**WHAT YOU WILL DO:** Skip the images and print the listing exactly.

----- SOURCE MATERIAL -----

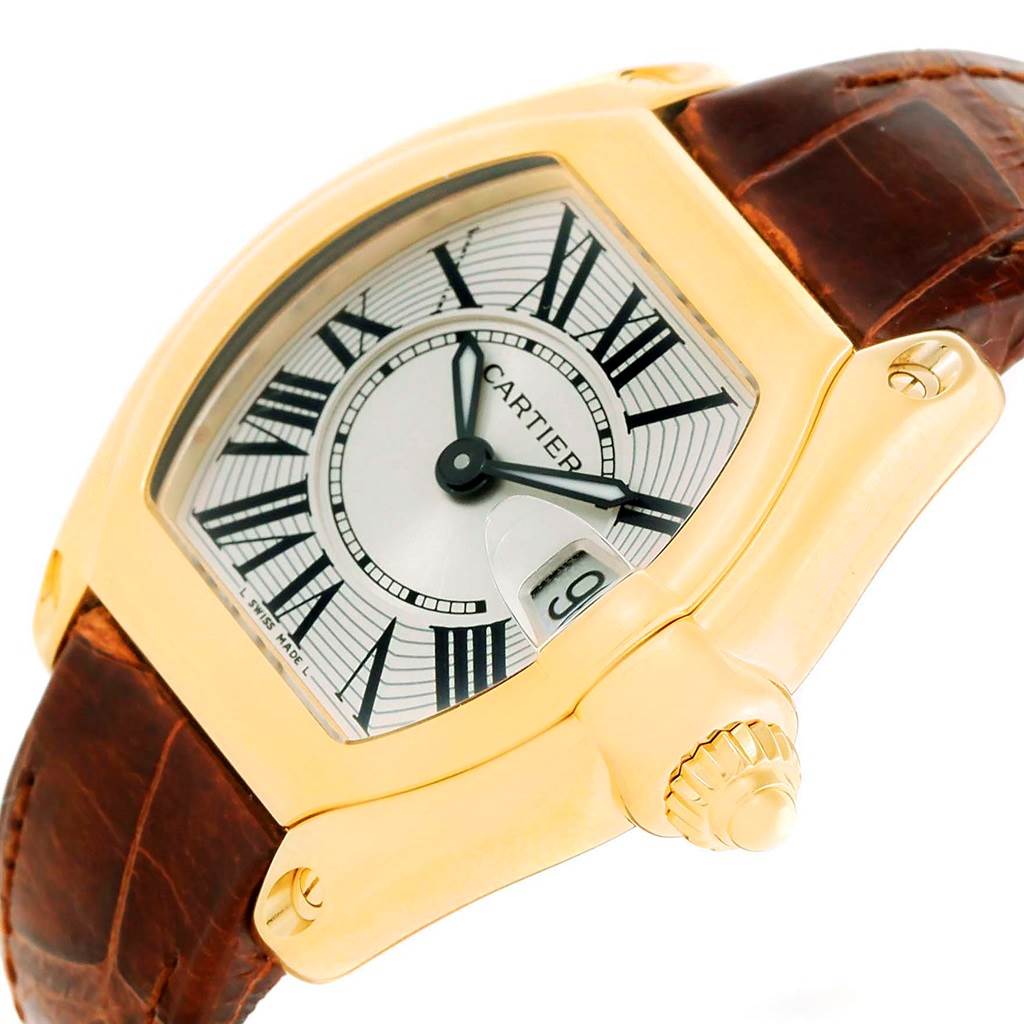 The Cartier Roadster W62018Y5 Women's Yellow Gold Silver Dial W62018Y5 Women's Yellow Gold Silver Dial watch is shown at an oblique angle, displaying the dial, case, crown, and part of the leather strap.
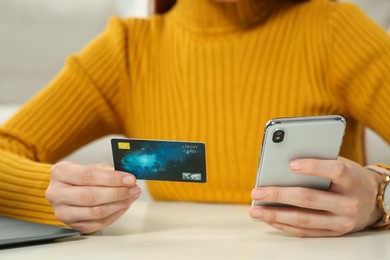 Woman with credit card using smartphone at white table, closeup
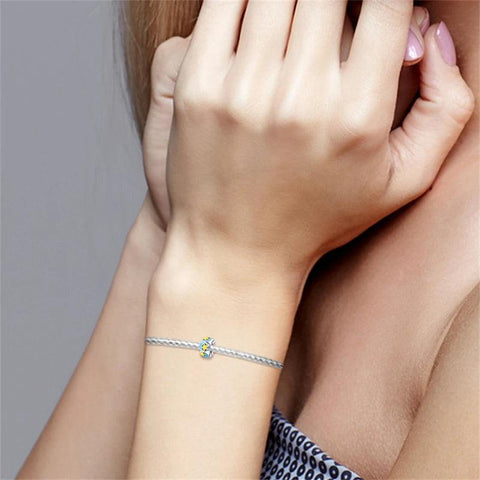 Celestial Stars and Moon Charm - Sterling silver charm with blue enamel, featuring yellow stars and crescent moons.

-----

**YOUR RESPONSE:**
 The Cartier Roadster W62018Y5 Women's Yellow Gold Silver Dial W62018Y5 Women's Yellow Gold Silver Dial watch is shown at an oblique angle, displaying the dial, case, crown, and part of the leather strap.
 Woman with credit card using smartphone at white table, closeup
 Celestial Stars and Moon Charm - Sterling silver charm with blue enamel, featuring yellow stars and crescent moons.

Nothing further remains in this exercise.